Being a wealthy person is not an amount of money. It is a matter of attitude about money. A person can get wealthy if he/she has the following traits:

  1. Contentment: Your level of contentment is a matter of choice. Not an amount of money. You will not be the richest man on earth or the poorest on earth. So somebody will always be richer than you and somebody poorer. Stop comparing.
  2. Satisfaction about everything around yourself.
  3. Have Gratitude for the things that you have. Look around your OWN house you still have things you do not use!
  4. Have patience with your investing, portfolios take time to build. Like a Mango tree, after 5 years it will give you more than you need!
  5. Be organized – pay your bills on time, do not buy things you will not use, do not duplicate, file returns on time…It means not paying late fees, knowing deadlines that can affect your finances and getting more done in less time. All these can greatly benefit your finances.
  6. Discipline turns into a habit. So saving for retirement is first a matter of discipline – after a while it becomes a habit. Like brushing your teeth.

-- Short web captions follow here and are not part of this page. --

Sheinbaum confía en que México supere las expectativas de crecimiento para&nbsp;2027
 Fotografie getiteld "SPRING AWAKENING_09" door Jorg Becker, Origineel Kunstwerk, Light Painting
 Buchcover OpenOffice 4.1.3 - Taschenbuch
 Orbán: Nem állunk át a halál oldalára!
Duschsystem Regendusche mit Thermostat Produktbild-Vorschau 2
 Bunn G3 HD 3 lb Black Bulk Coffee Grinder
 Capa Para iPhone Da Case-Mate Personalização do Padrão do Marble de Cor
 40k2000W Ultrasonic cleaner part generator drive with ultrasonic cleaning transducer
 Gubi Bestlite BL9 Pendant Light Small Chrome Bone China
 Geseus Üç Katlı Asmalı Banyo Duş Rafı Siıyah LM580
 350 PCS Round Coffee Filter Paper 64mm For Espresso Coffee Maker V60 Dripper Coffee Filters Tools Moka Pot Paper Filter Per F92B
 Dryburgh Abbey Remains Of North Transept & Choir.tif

  7. Be hard working, and smart working: Creating wealth and staying out of debt – cannot come without some serious hard work. Even a lottery will NOT solve all your financial problems. The true path to financial freedom, is to work hard to earn money while educating yourself to earn more. You may not possess all of the above traits, but ensure that you get there! Knowing them can help you make changes so that you nourish the ones that you have and obtain the ones you’re missing.

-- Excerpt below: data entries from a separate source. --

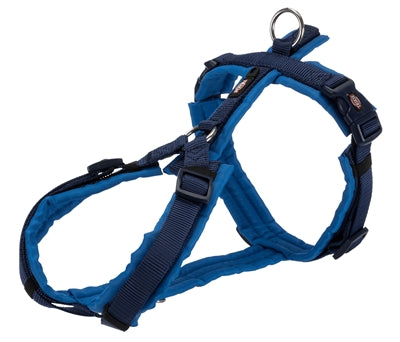 Trixie Hondentuig Premium Trekking Indigo / Royal Blauw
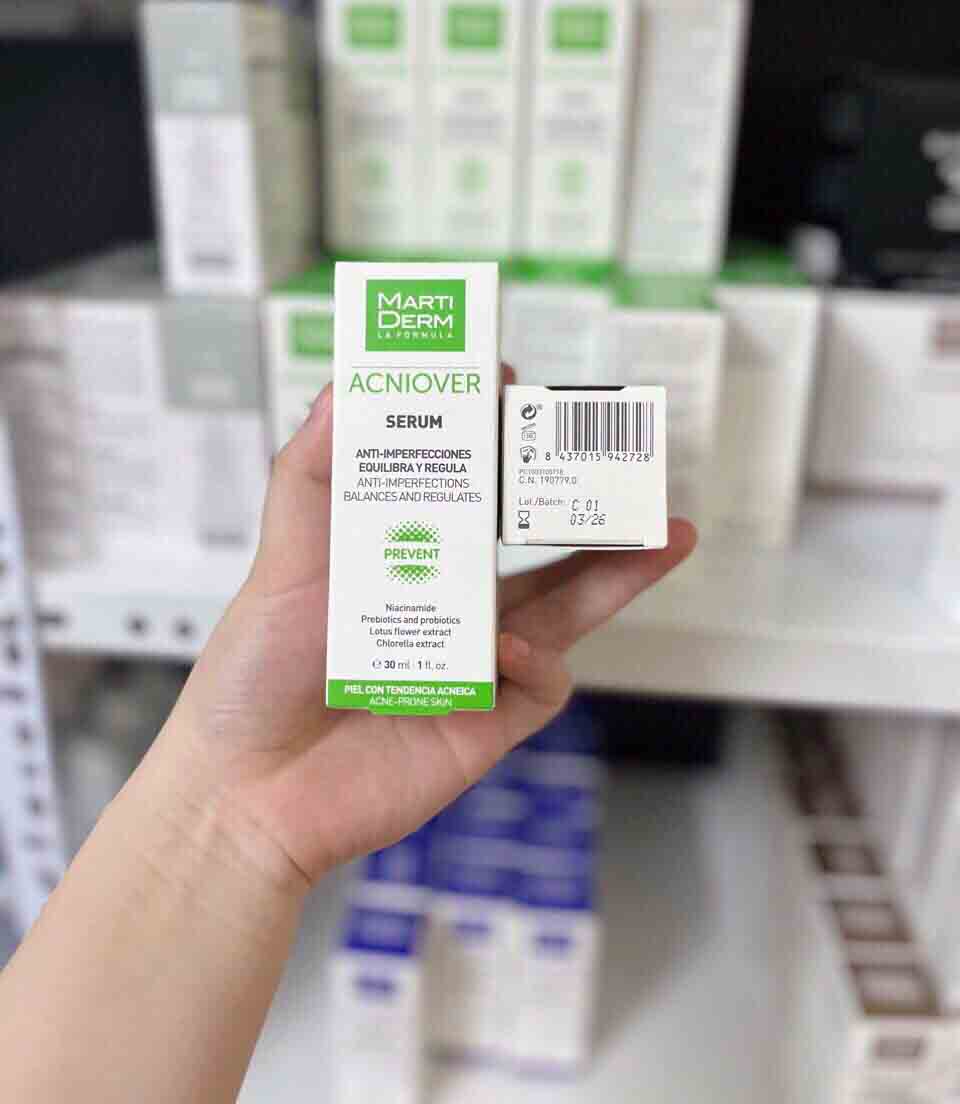 Serum Martiderm Acniover giảm mụn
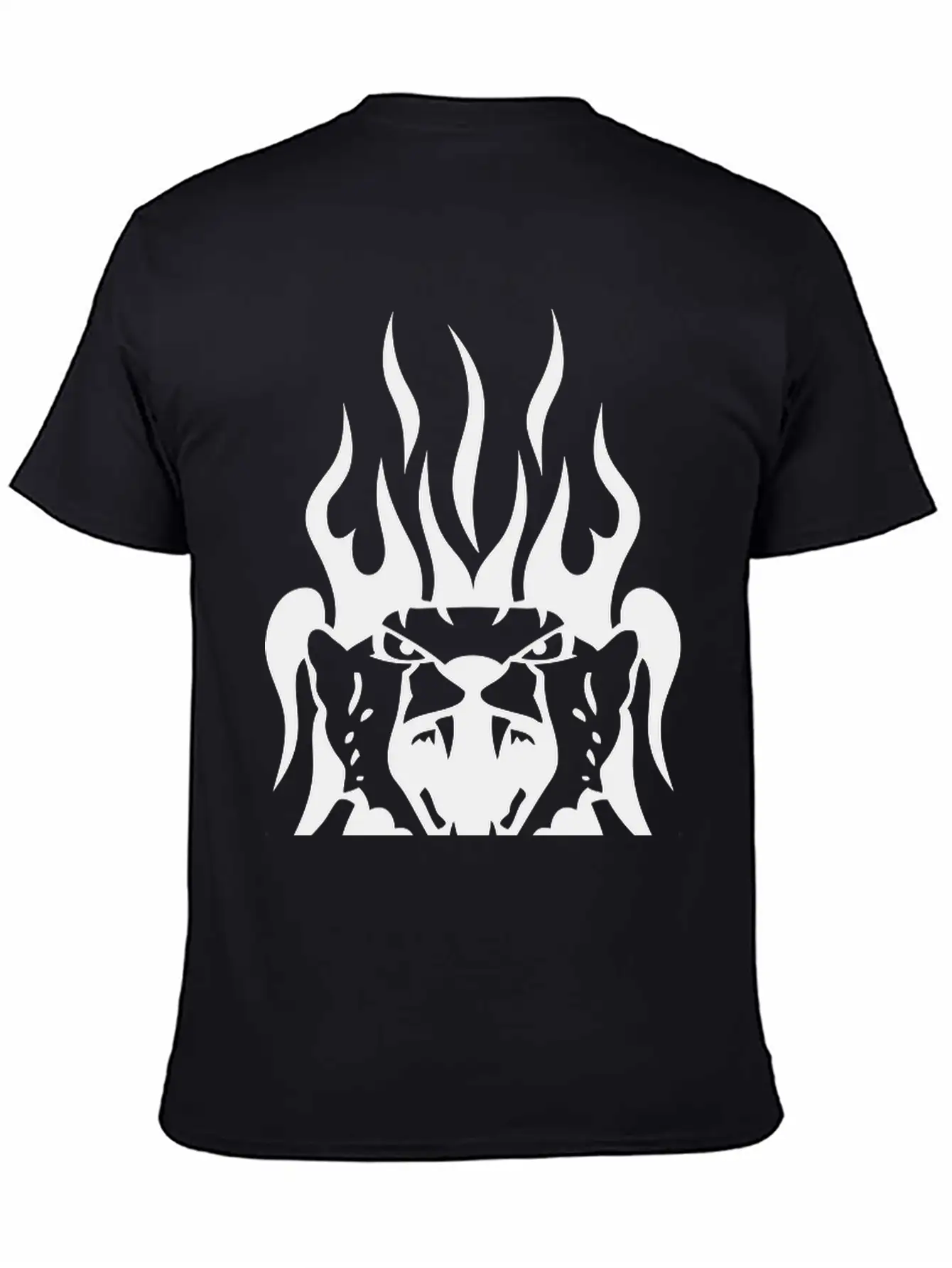 Leopard Tattoo Tribal Wild Animal Relaxed Everyday Tee – Lightweight And Durable Cotton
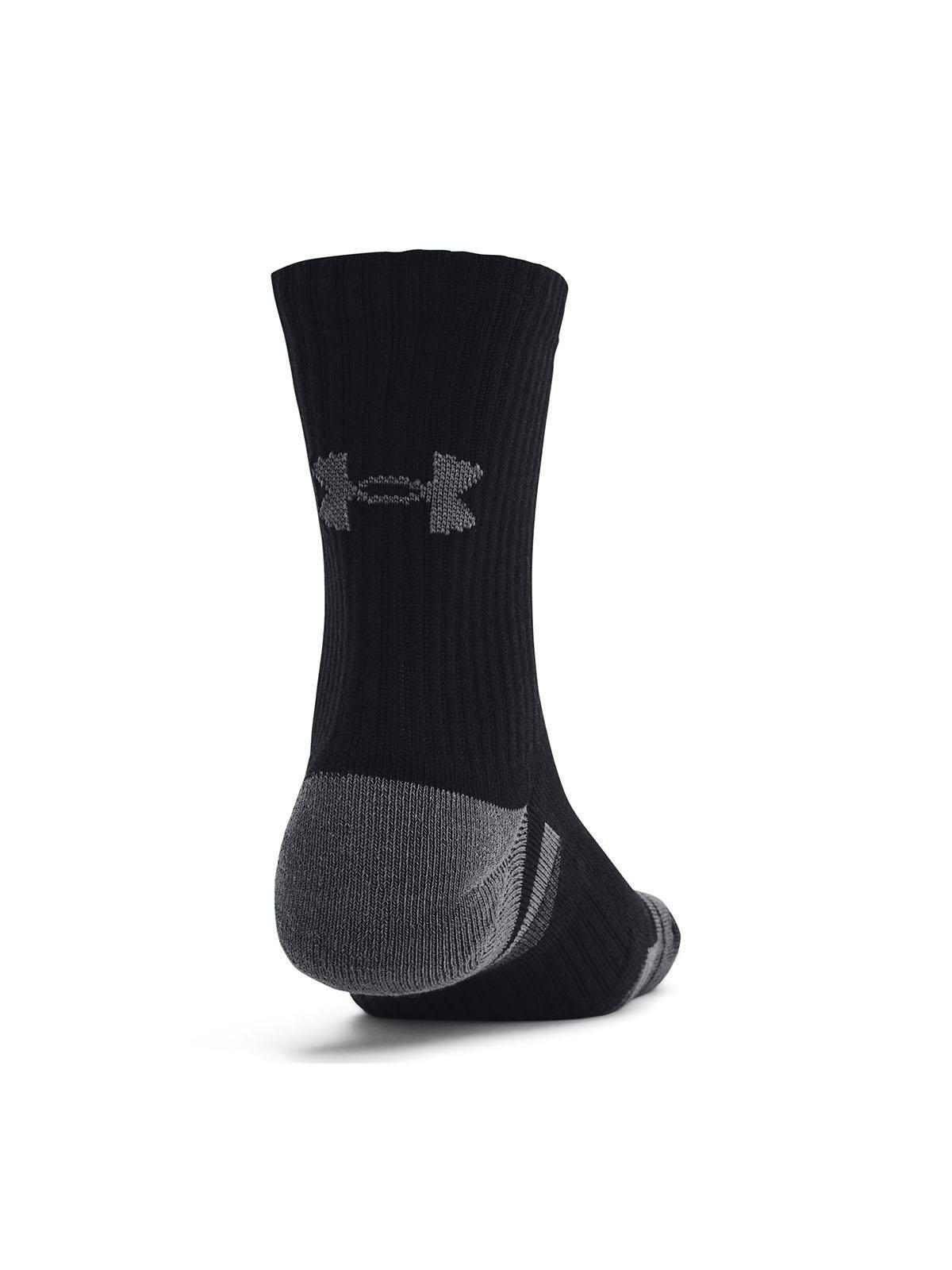 Calcetín deportiv Performance Negro Unisex-1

  8. Be Goal Oriented: The importance of setting and working toward goals is obvious. If you don’t know where you are going, it’s difficult to get there. It helps your personal finances immensely if you have money goals and are motivated to reach the goals that you have set for yourself.
  9. Understand, take and manage risk: To build wealth, one needs to be willing to take risks. It means weighing all the options and taking calculated and sensible risks when appropriate.The share market has risks involved, but over the long term, it provides good returns on money that is invested wisely. Those who fear risk altogether end up saving money in accounts that likely lose money to inflation in the long run – and this happens because they did not understand the risk of inflation!
  10. Reflect on what you are doing while being curious. Both reflecting and being curious help you in your wealth journey!